According to legend, Lyonesse disappeared beneath the sea and this has led to its sometimes being identified - or confused with - Atlantis. The country is frequently mentioned in Thomas Malory's Morte d'Arthur written in the 15th century and by other authors of this period, although there is no mention of its inundation. It does not, however, feature in any of the earlier sources written between the 6th and the 11th centuries, sources that were extensively quarried by later authors in the creation of the Arthur and Tristan stories.
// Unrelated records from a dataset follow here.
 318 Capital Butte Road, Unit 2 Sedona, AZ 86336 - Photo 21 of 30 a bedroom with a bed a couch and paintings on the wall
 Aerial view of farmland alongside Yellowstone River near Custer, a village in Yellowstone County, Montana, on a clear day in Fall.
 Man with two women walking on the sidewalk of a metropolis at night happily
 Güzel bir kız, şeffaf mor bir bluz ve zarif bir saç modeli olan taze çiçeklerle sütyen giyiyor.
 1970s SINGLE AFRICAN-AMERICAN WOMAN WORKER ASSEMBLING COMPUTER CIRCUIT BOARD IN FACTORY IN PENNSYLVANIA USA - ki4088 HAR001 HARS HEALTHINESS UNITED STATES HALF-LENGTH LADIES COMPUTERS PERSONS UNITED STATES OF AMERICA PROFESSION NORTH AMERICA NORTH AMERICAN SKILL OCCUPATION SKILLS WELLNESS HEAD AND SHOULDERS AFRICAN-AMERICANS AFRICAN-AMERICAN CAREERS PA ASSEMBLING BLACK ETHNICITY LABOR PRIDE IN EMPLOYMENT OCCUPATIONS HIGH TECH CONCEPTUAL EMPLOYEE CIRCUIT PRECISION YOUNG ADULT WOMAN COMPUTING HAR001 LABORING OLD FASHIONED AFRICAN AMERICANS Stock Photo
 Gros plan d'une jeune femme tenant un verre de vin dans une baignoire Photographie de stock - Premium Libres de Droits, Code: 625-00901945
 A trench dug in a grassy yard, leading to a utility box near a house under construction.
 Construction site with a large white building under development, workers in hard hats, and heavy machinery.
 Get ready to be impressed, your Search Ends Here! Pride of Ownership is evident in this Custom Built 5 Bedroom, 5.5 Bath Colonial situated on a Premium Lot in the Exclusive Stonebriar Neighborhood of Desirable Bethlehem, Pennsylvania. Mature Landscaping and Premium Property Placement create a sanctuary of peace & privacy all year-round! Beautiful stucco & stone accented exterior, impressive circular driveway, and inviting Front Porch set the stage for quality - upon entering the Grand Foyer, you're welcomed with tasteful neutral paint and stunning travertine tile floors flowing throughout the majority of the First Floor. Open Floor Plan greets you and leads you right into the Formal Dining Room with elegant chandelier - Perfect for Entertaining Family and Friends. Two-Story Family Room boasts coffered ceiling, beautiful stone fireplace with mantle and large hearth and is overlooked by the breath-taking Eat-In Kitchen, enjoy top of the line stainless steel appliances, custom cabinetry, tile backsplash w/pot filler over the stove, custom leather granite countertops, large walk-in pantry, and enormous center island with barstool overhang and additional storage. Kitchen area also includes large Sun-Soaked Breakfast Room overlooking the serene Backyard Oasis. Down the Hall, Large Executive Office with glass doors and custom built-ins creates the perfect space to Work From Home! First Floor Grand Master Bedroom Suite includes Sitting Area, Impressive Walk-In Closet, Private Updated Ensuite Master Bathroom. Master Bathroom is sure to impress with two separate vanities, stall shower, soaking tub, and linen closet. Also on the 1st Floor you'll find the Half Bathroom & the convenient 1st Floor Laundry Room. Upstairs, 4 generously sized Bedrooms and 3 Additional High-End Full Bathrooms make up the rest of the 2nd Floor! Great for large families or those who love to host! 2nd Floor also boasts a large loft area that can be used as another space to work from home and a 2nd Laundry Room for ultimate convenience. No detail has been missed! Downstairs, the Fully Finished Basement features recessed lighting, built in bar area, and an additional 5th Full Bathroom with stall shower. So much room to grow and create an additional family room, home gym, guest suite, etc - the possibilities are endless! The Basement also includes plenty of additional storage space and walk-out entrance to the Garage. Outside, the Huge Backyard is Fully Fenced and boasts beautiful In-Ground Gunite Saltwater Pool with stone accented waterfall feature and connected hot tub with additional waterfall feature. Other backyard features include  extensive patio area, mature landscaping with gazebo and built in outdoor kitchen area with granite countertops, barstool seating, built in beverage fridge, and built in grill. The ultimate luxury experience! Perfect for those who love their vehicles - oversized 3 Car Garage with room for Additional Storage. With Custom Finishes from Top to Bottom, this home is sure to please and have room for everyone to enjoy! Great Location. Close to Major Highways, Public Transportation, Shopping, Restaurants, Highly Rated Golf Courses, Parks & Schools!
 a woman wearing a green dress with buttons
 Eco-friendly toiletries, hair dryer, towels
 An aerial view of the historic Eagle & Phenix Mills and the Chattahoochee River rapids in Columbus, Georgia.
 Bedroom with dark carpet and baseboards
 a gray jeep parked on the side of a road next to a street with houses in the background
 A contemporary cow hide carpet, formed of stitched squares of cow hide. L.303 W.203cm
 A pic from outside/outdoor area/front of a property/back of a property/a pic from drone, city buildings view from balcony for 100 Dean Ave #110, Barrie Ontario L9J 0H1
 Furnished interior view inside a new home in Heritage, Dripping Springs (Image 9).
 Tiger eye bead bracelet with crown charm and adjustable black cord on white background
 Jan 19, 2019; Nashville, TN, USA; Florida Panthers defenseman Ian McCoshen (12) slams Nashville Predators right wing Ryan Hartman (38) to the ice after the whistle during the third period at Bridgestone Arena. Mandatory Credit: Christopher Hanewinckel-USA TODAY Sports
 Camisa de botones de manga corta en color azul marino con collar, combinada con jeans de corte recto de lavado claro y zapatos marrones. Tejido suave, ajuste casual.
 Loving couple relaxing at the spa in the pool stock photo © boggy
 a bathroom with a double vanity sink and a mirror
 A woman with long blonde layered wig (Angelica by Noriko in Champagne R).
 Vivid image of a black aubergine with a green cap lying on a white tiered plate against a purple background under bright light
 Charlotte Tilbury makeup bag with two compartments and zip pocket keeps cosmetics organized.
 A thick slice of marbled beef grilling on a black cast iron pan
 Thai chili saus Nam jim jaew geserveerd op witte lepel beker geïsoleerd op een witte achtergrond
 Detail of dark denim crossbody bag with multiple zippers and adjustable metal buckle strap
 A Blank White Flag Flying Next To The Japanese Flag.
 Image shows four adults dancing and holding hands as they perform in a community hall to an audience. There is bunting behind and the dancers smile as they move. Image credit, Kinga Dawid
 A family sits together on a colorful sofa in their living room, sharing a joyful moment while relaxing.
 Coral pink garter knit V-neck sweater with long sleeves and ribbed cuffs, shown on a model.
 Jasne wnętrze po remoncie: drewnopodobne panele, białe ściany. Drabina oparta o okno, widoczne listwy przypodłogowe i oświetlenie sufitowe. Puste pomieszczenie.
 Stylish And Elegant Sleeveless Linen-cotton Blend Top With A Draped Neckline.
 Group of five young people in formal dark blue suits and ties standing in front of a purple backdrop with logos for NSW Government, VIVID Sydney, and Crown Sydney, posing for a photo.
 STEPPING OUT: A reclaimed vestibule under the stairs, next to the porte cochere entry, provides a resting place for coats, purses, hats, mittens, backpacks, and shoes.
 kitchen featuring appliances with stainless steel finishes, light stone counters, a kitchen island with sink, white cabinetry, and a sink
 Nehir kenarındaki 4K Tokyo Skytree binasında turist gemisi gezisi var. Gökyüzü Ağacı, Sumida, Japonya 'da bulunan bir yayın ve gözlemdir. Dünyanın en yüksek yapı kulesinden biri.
The earliest mention I have so far tracked down is in a 13th century French poet called Beroul who refers to it as Loenois.
Lyonesse (sometimes spelt, particularly by 19th C authors, as "Lyonnesse" and by Malory and others as "Liones") was a large place with many towns and 140 churches. This latter idea has given rise to various folk tales of muffled church bells chiming under the sea off Land's End and so on. There is an account of it in Camden's Britannia of 1586 and he is said to have got much of his information from Carew's A Survey of Cornwall. In the revised and enlarged edition of Britannia published by Edmund Gibson in 1695 the Lyonesse entry is as follows:
Mr Camden mentions a Tradition that this promontory (Land's End) stretched itself farther towards the West; to which, these hints may perhaps contribute something of probability: That about the middle way between Land's End and Scilly, there are rocks call'd in Cornish Lethas, by the English Seven-stones; and the Cornish call that place within the stones Tregva, i.e. a dwelling, where it has been reported that windows and other such stuff have been taken up with hooks (for that is the best place of fishing
that from Lands-end to Scilly is an equal depth of water; that St. Michael's Mount is call'd in Cornish Careg cowse in clawse, i.e. the hoary rock in the wood; that 'tis certain, there have been large trees, with roots and body, driven in by the sea between St. Michael's Mount and Pensance of late years. To these add the tradition, that at the time of this inundation, Trevilian swam from thence, and in memory thereof bears Gules an horse argent issuing out of the sea proper.